The gruff, nearly scalped Fitzgerald (Tom Hardy) is both jealous of Glass’ role of leading the troupe onward—with a plan that cuts his pay down to damn near nothing (and Fitzgerald has bad debts)—but also uncomfortable with Glass’ “half breed” son, Hawk (Forrest Goodluck), who’s mother was a murdered Pawnee woman. When Glass is nearly mauled to death by a bear, Fitzgerald is further annoyed that Glass fired his rifle, potentially alerting the Ree to their location.

Henry determines that they cannot transport Glass in his condition and offers two men double the pay to stay with him until he either dies or can begin to walk with aide. Fitzgerald volunteers—along with the youngest fur trapper on the expedition (Will Poulter)—to stay behind. When Hawk sees Fitzgerald smothering his father, he attempts to save him and is stabbed to death by Fitzgerald while, Glass, incapable of defense or language, watches; his son dead, Glass is left for dead, and given a “proper burial” while he is still alive. Eventually, he crawls out of the dirt, and drags himself through the mountains and plains, with revenge as his life force and saving grace.

At its best, The Revenant is a harsh frontier film that we’ve never seen before. In this unsettled American West, nature is as unforgiving as Glass is. The wind pummels, bending trees and humans, rivers fall over rocky cliffs, and sometimes the only heat nature can provide comes from the hollowed out insides of a recently killed mammal. The villages that Glass encounters are abandoned, recently raided, or harboring men who’ve double-crossed the natives. If Glass ever feels any solace, he’s standing at a crumbled makeshift church or catching snowflakes on his tongue. In all instances, it’s looking upward to the sky, a place that’s just as empty but less threatening. 
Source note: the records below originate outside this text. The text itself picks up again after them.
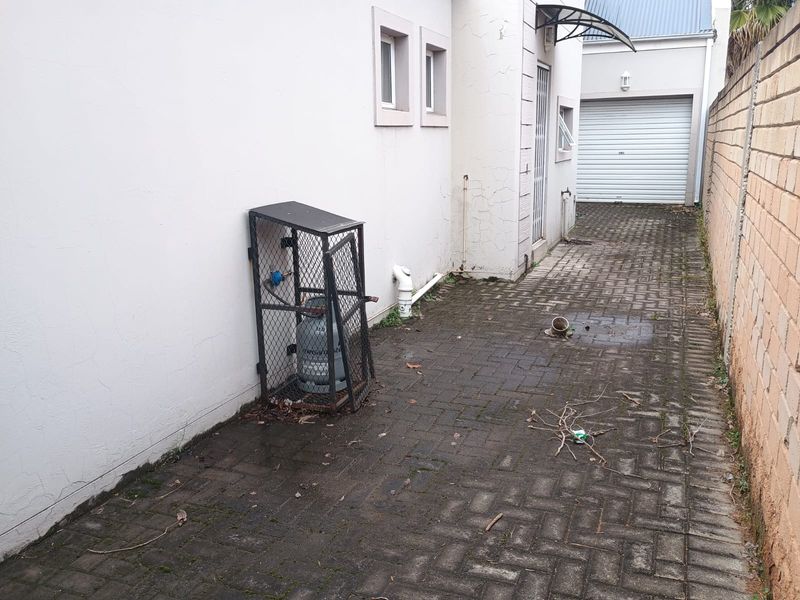 Rear exterior area featuring paved flooring, a gas cylinder storage cage, and access to the garage, showing signs of wear and maintenance requirements.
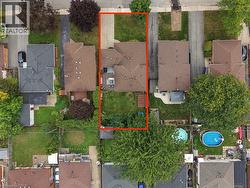 Aerial perspective showcasing the property's footprint, including a driveway, residential structure with a brown shingle roof, and a green grass lawn - 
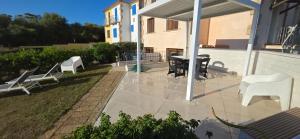 a patio with white chairs and a table on a building at La casa al mare, Pittulongu in Olbia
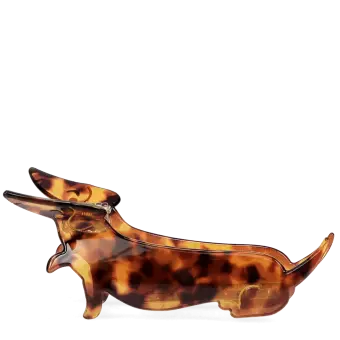 Hair claw clip featuring an adorable sausage dog design in translucent brown, with a marbled effect. 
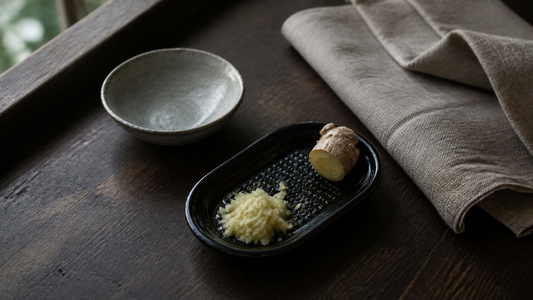 Banko ware ceramic ginger grater in use with fresh ginger in a Japanese kitchen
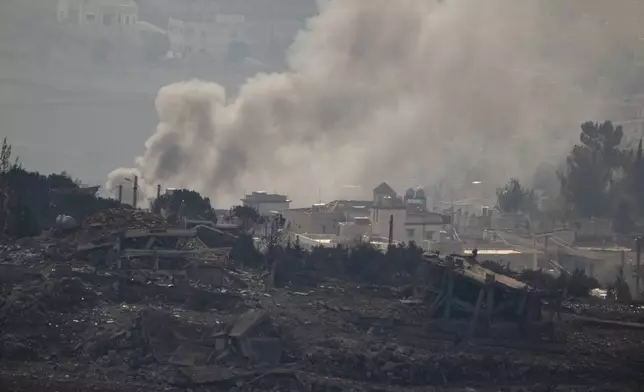 Smoke rise next to damaged buildings on an area of a village in southern Lebanon, as seen from the Kibbutz Manara, northern Israel, Thursday, Nov. 28, 2024. (AP Photo/Leo Correa)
Sometimes the spiritual imagery is a little too on the nose and purely the invention of Iñárritu. But these flourishes are generally earnest if not downright obligatory (a visualized internal search for meaning is kinda necessary when your main character is so battered he can barely speak). 

Where The Revenant falters, however, are numerous instances where Iñárritu attempts to make The Revenant feel more epic than it already is. His camera, lensed by ace cinematographer Emmanuel Lubezki (Children of Men, Birdman), is too fluid in the action scenes. Iñárritu fills each corner with some nightmarish atrocity, or confuses with flurries of activity that interrupt the slower pace. He has Lubezki dive into the action with the type of handheld movements that remind you that this film was shot in 2015 (and also that create lens flares). This showiness separates us from the very setting that he wants us to view as inherently cruel. There is some great technical precision, but it muddies the viewer’s brain. 

There are also unnecessary and obvious moments of CGI, such as wolves attacking a buffalo during a stampede and an avalanche that happens in the distance. The Revenant is beautiful, aching and epic in moments of stillness, of which there are many. But these fancy flourishes to remind you of the collapsing expanse and the murderous capacity of nature, are not only overwrought, but the very animation belittles a very handsomely and realistic looking early 19th century that’s been carefully recreated.

The bear attack is terrifying, the frontier is unrelenting, there’s a river getaway that is amongst the best action sequences of the year and DiCaprio has potentially discovered that his best acting comes when he’s crawling on his hands and knees, unable to speak (this performance, full of spit and shivering, stands equal or close to his career best in The Wolf of Wall Street). But what holds The Revenant back from being a complete white-knuckle success isn’t Iñárritu’s Sledgehammer of Dourness™, it’s his Tools of Modernity that tamper his approach to film The Revenant as naturally as possible. The moments when he trusts the audience to be in awe of nature are far more substantial, spiritual, and informative than the moments where he attempts to awe us.